Em intervenções contundentes, alguns conselheiros defenderam a “meritocracia” e rejeitaram a argumentação — da Adusp, do representante dos doutores, das representações discente e de funcionários técnico-administrativos — de que falta legitimidade ao Co para conduzir o processo de mudanças do Estatuto.
O reitor iniciou a reunião sem fazer menções à greve e deu a entender que a crise financeira alegada para decretar, em maio, o arrocho salarial, seria coisa do passado. Na véspera, M.A. Zago declarou que a crise estaria “superada, não é mais esse o problema”.

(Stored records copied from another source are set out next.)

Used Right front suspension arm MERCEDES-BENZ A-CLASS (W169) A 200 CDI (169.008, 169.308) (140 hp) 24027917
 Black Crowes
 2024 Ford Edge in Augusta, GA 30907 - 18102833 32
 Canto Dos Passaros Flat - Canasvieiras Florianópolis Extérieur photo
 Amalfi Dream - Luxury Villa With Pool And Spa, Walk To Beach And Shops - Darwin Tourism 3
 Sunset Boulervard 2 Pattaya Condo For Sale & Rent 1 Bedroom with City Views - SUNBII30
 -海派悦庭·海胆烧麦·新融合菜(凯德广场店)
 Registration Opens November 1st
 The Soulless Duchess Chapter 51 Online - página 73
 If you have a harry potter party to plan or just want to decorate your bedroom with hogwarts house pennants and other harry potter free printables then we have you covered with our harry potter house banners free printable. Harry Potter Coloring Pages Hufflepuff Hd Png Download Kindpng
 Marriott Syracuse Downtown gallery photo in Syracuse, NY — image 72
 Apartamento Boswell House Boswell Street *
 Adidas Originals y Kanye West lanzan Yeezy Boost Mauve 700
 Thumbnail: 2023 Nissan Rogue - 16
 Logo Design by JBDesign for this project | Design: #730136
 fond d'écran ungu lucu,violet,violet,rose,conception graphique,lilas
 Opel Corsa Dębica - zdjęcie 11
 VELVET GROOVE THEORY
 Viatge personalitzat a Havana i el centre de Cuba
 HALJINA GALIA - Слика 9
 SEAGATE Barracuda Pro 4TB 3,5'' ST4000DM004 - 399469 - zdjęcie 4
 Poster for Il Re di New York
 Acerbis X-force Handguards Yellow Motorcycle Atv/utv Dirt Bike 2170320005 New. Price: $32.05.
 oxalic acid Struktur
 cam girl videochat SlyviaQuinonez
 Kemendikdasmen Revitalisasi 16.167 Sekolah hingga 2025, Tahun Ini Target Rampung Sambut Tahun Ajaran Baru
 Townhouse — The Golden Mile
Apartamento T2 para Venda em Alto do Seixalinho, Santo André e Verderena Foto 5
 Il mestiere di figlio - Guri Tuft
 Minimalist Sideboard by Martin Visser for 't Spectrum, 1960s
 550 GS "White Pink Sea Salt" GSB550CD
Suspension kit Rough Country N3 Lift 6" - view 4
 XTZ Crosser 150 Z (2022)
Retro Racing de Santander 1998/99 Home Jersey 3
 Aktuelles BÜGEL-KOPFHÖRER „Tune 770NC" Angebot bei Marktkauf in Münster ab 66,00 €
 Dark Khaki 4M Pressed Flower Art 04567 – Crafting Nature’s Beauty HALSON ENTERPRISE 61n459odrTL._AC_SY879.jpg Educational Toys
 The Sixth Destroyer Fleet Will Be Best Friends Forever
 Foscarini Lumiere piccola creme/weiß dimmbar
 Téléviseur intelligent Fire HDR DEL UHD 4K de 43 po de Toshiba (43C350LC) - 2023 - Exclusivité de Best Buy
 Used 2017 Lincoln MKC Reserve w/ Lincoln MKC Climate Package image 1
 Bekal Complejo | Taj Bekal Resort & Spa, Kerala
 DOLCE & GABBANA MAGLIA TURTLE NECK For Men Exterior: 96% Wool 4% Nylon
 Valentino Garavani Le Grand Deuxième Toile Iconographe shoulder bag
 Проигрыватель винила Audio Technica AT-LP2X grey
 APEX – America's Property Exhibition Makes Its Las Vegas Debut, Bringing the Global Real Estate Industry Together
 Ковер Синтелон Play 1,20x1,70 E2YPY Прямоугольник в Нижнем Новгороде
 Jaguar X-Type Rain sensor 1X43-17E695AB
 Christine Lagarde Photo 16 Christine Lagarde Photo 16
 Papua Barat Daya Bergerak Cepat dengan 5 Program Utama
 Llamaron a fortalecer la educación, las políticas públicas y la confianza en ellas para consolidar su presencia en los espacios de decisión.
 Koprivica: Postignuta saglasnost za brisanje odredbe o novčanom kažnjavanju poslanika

Ele também discorreu sobre o GT Atividade Docente, objeto de ofício de pedido de informações à Reitoria pela Adusp em 29/10. Informou que o presidente do GT, professor Ricardo Terra (FFLCH), será convidado a explanar os trabalhos desenvolvidos pelo GT na reunião extraordinária de 7/4/2015.
Posição da Adusp
O professor Ciro Correia, presidente da Adusp, reiterou a perspectiva já anunciada na reunião temática de 3/6: “contribuir para deflagrar um processo que leve à superação […] da centralização, do autoritarismo, da falta de transparência e da substituição do controle oligárquico pelo controle social por parte da corpo da universidade”. Destacou que é central “superar a situação vigente na USP, tanto no que se refere à forma de eleição dos dirigentes, quanto no que diz respeito à composição dos colegiados, pois aqui sequer é respeitado o patamar mínimo definido pela LDB [Diretrizes e Bases da Educação] de participação de estudantes e funcionários (30% da composição dos órgãos colegiados)”. Exemplificou que, no processo de eleição para a Reitoria, a Unicamp realiza consulta mediante a proporção de 60% de docentes, 20% de estudantes e 20% de funcionários.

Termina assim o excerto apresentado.